The data should be written out in full, exactly as it stands, and the pictures dropped.

Caption-style text data:
------------------------------------

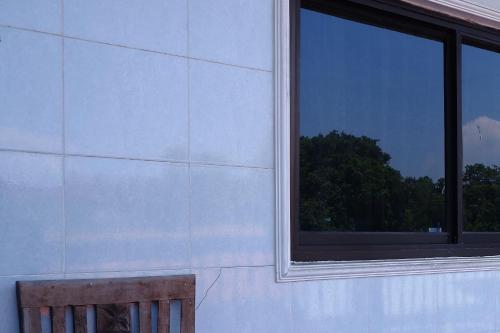 Imagen general del Hotel SPOT ON 92760 Global Media Homestay Syariah. Foto 8
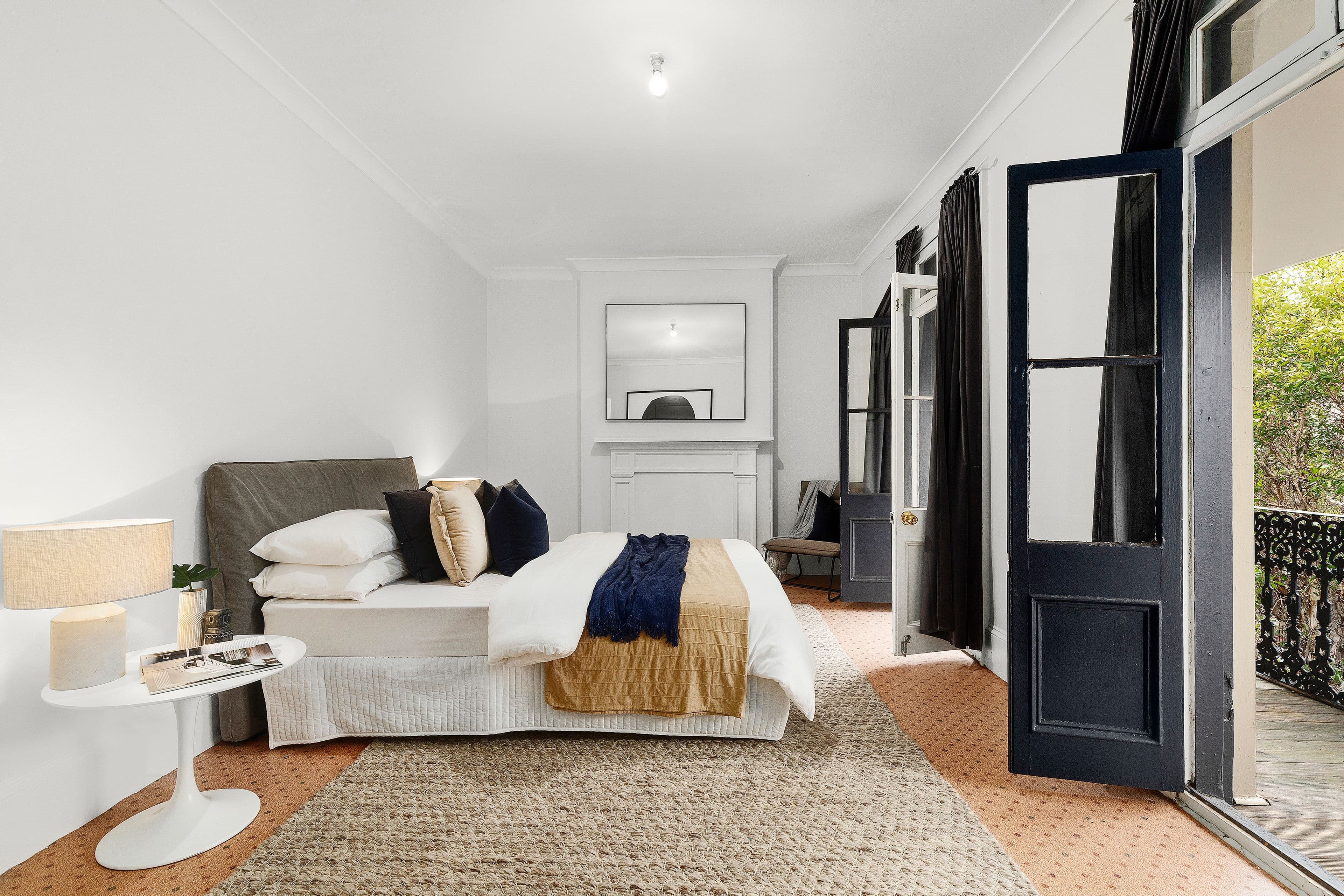 32 Lansdowne Street, Surry Hills NSW 2010, Surry Hills - Thumbnail 6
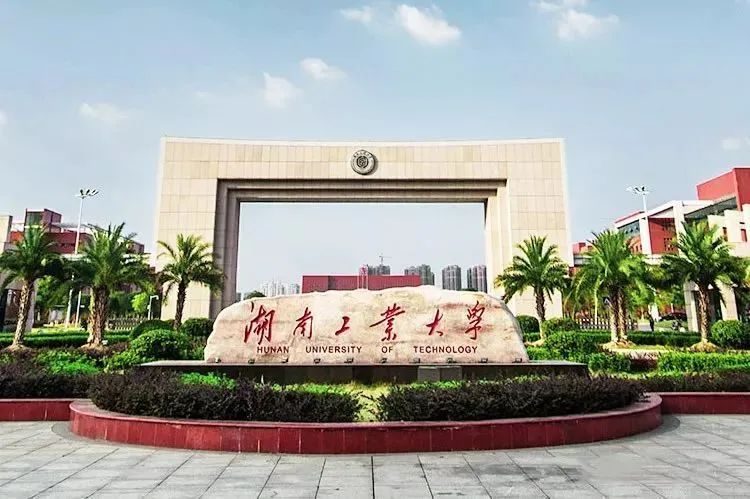 設計專業哪家強？這七所綜合類院校的王牌設計專業全國聞名，聽說比美院還牛！3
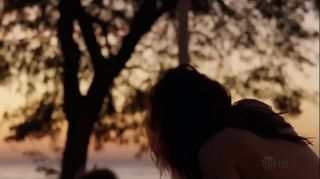 Gordibuena Emmy Rossum- Shameless Full Compilation DateInAsia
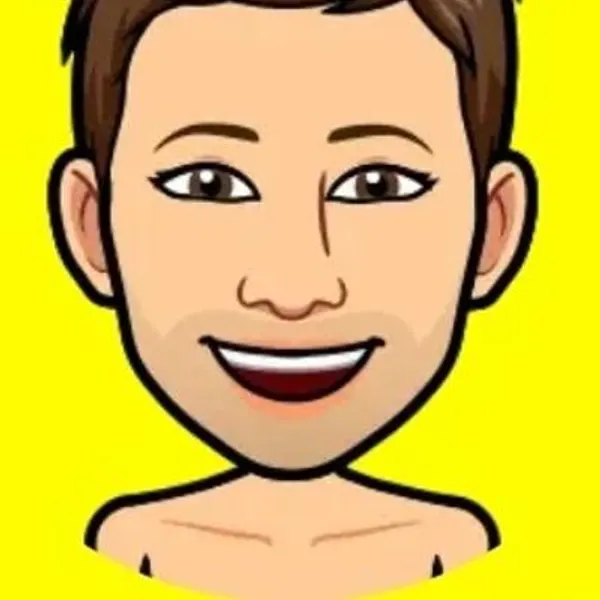 chla36 OnlyFans profile photo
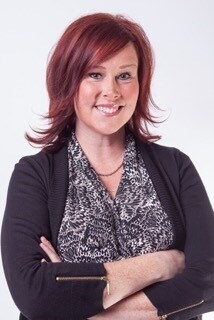 Lynda Laskowski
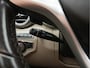 Mercedes-Benz C-klasse 350 e Lease Edition Aut. *PANO | LUXURY-LEATHER | BURMESTER-AUDIO | FULL-LED | NAVI-FULLMAP | HEATED-SPORTSEATS | CAMERA | AIRMATIC | PRIVACY-GLASS | ECC | CRUISE | KEYLESS | 17''ALU*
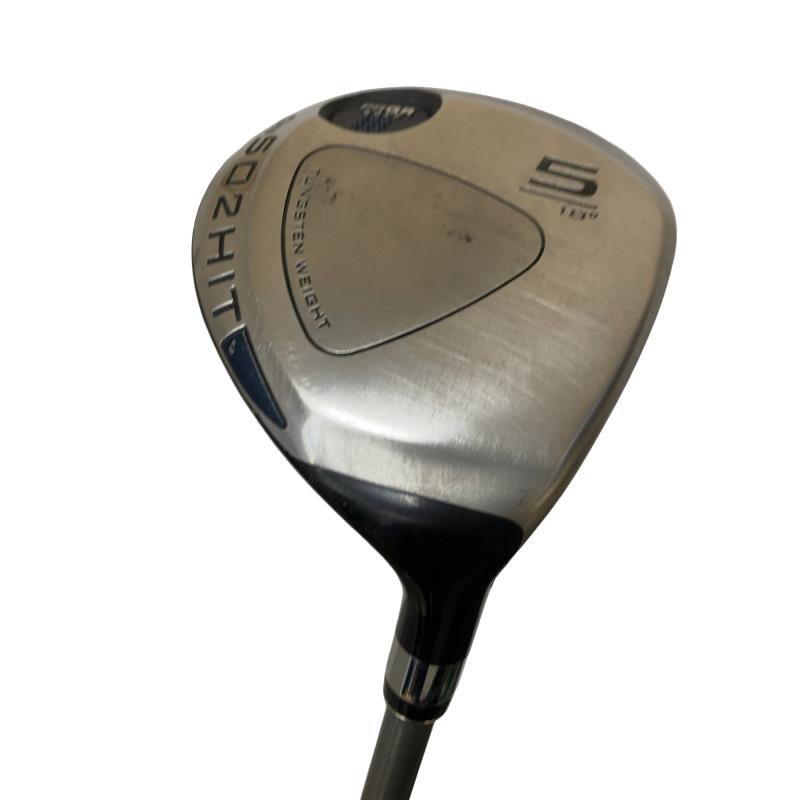 �f�m�@�T�O�Q�@�g�h�s�@�T�v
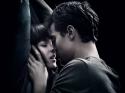 35025_Fifty-Shades-of-Grey-2516402--w--800.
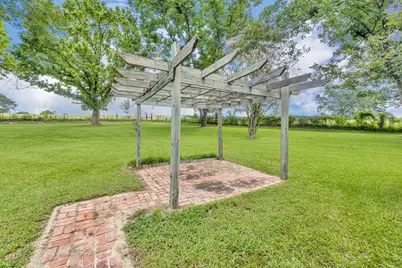 1368 County Road 2206, Rusk, TX 75785 - Photo 24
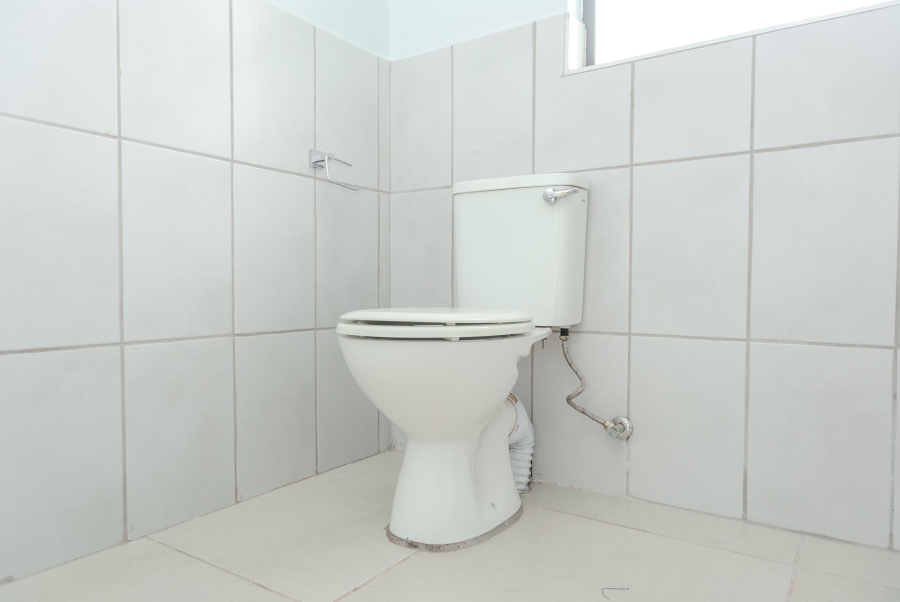 3 Bedroom Property for Sale in Shelley Point Western Cape
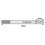 E TECH NEW MODEL QUICK ALIGN WHEEL TOOL M14 X 1.25 8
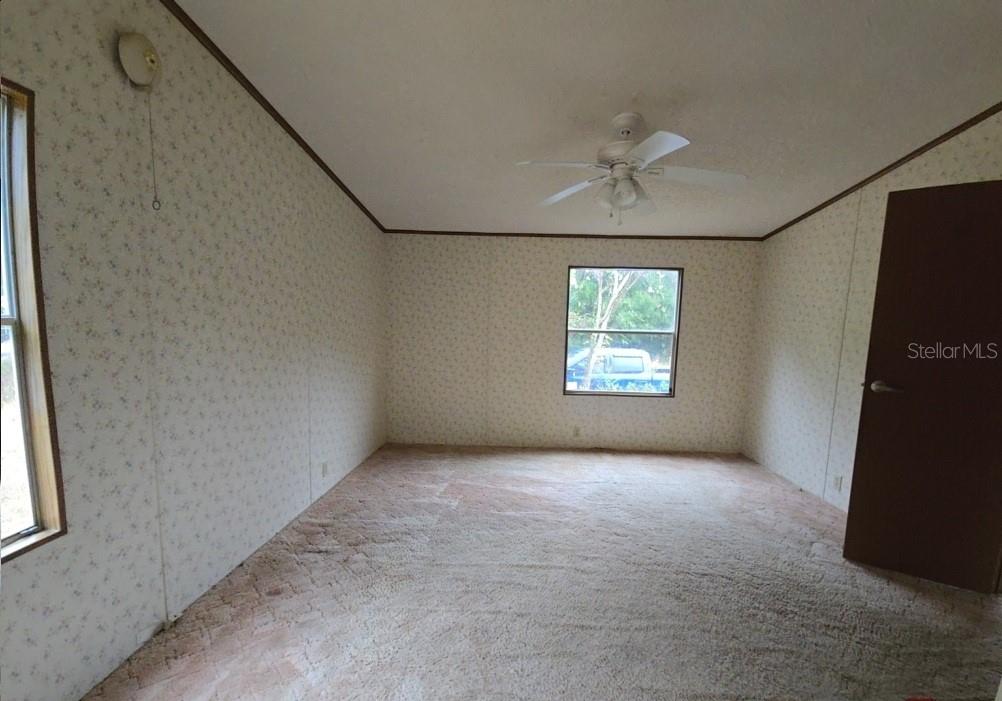 12906 NW 38TH AVENUE, REDDICK, FL — photo 4 of 19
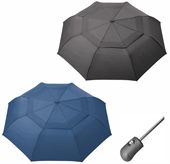 Shelta 54cm Wind Vented Folding Umbrella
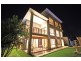22 Sunrise Boulevarde, Surfers Paradise QLD 4217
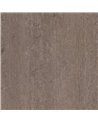 AA15 Grey Line Oak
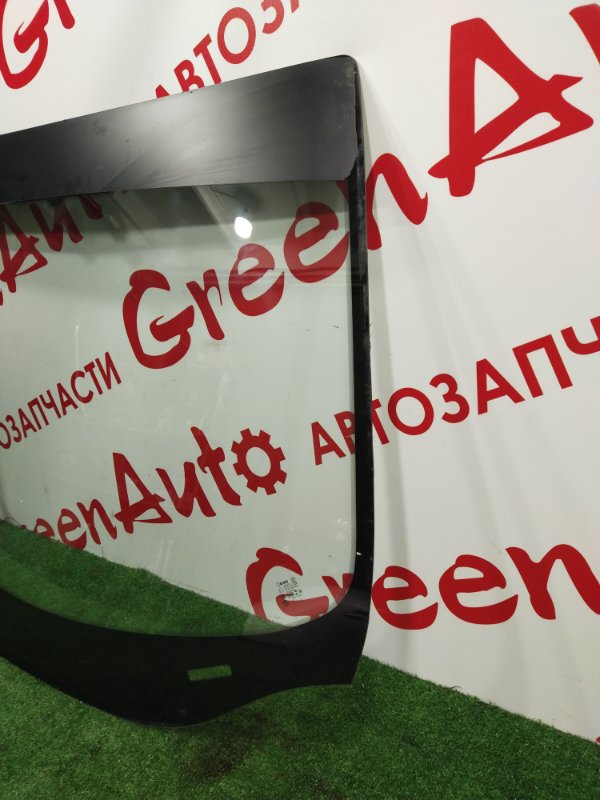 Стекло лобовое, 2000 рублей, Красноярск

------------------------------------

Solution for this exercise:
 Imagen general del Hotel SPOT ON 92760 Global Media Homestay Syariah. Foto 8
 32 Lansdowne Street, Surry Hills NSW 2010, Surry Hills - Thumbnail 6
 設計專業哪家強？這七所綜合類院校的王牌設計專業全國聞名，聽說比美院還牛！3
 Gordibuena Emmy Rossum- Shameless Full Compilation DateInAsia
 chla36 OnlyFans profile photo
 Lynda Laskowski
 Mercedes-Benz C-klasse 350 e Lease Edition Aut. *PANO | LUXURY-LEATHER | BURMESTER-AUDIO | FULL-LED | NAVI-FULLMAP | HEATED-SPORTSEATS | CAMERA | AIRMATIC | PRIVACY-GLASS | ECC | CRUISE | KEYLESS | 17''ALU*
 �f�m�@�T�O�Q�@�g�h�s�@�T�v
 35025_Fifty-Shades-of-Grey-2516402--w--800.
 1368 County Road 2206, Rusk, TX 75785 - Photo 24
 3 Bedroom Property for Sale in Shelley Point Western Cape
 E TECH NEW MODEL QUICK ALIGN WHEEL TOOL M14 X 1.25 8
 12906 NW 38TH AVENUE, REDDICK, FL — photo 4 of 19
 Shelta 54cm Wind Vented Folding Umbrella
22 Sunrise Boulevarde, Surfers Paradise QLD 4217
 AA15 Grey Line Oak
 Стекло лобовое, 2000 рублей, Красноярск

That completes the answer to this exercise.